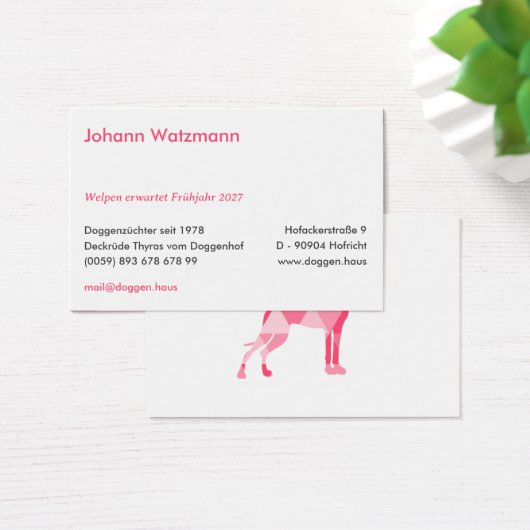 Polygon Great Dane Pink Visitekaartje (Bureau)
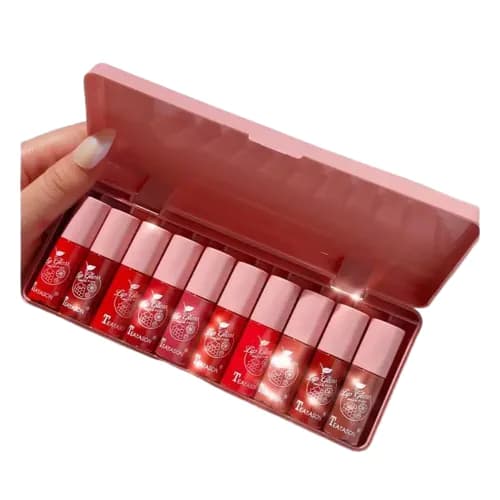 image-10 pcs Shimmer Mini Lip Gloss Kit - Hydrating Liquid Lipsticks Long Lasting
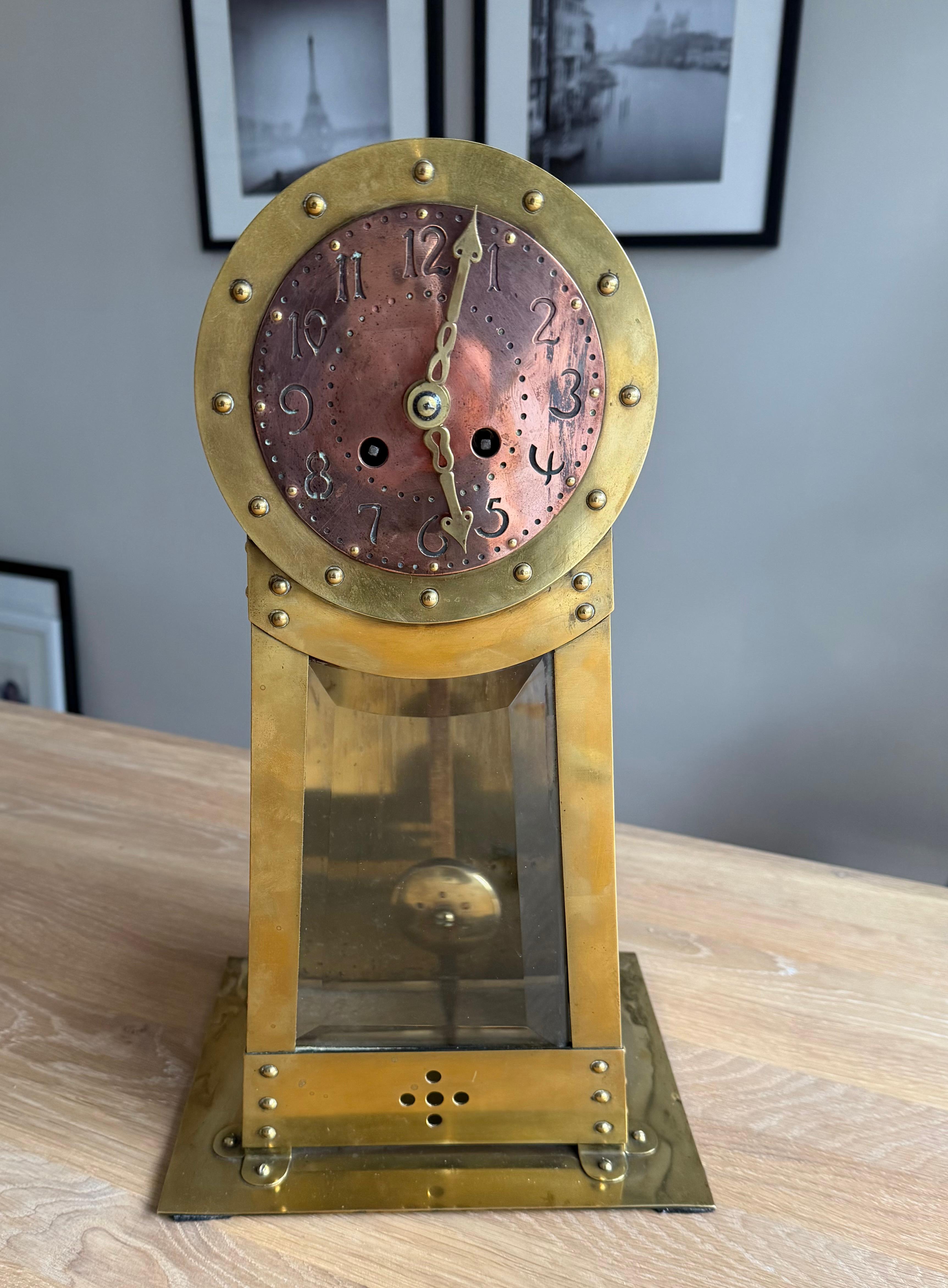 Arts and Crafts Dutch Modernist Design Hand Crafted Brass & Beveled Glass Table / Mantle Clock For Sale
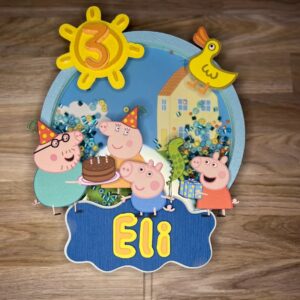Custom Peppa Pig and Family Party Cake 3D Cake Topper Personalized Birthday Party Decor Custom Name & Age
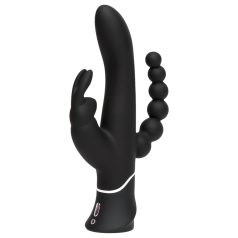 Happyrabbit Triple - vibro coquin recharge (noir)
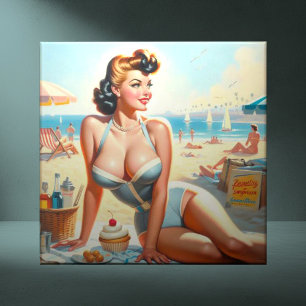 Vintage Summer Pin-Up Girl Tile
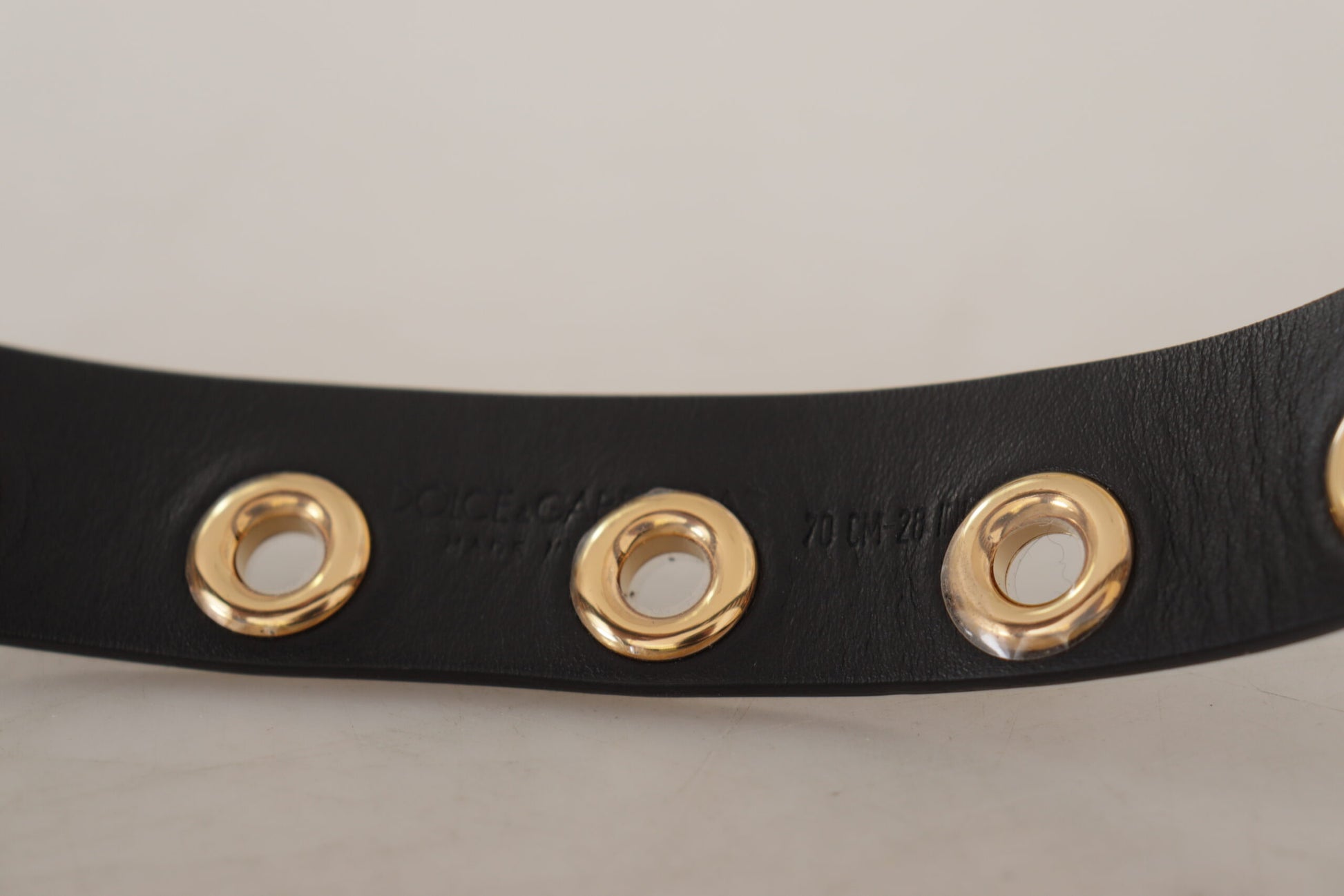 Ceinture Dolce & Gabbana en cuir noir avec œillets et boucle en métal argenté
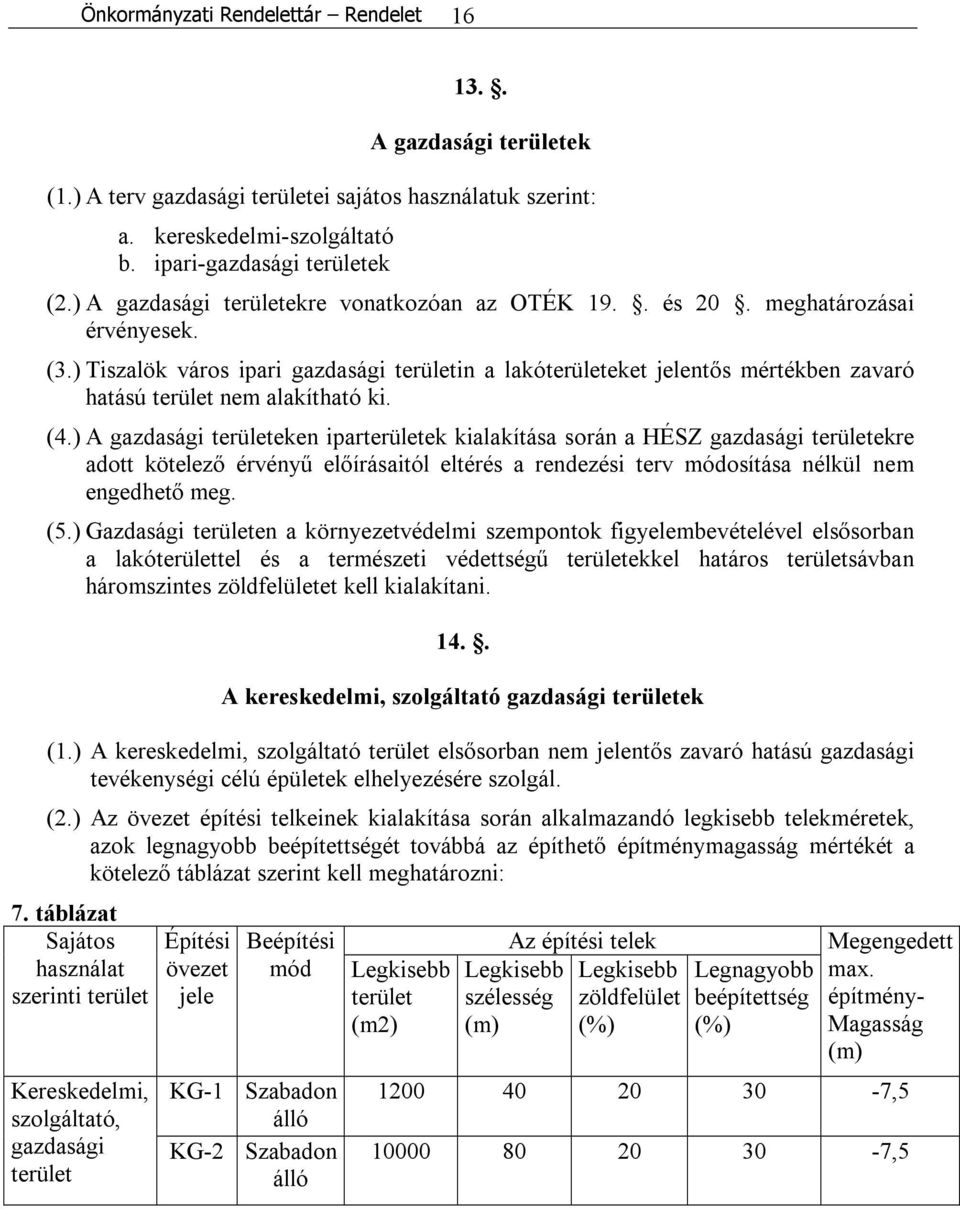 ) Tiszalök város ipari gazdasági területin a lakóterületeket jelentős mértékben zavaró hatású terület nem alakítható ki. (4.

• WHAT THE EXERCISE ASKS:
Extract precisely the lines beginning at the line containing "Ceinture Dolce &" and ending at the last line of the entries above, exactly as written and with no pictures.

• EXERCISE ANSWER:
 Ceinture Dolce & Gabbana en cuir noir avec œillets et boucle en métal argenté
 ) Tiszalök város ipari gazdasági területin a lakóterületeket jelentős mértékben zavaró hatású terület nem alakítható ki. (4.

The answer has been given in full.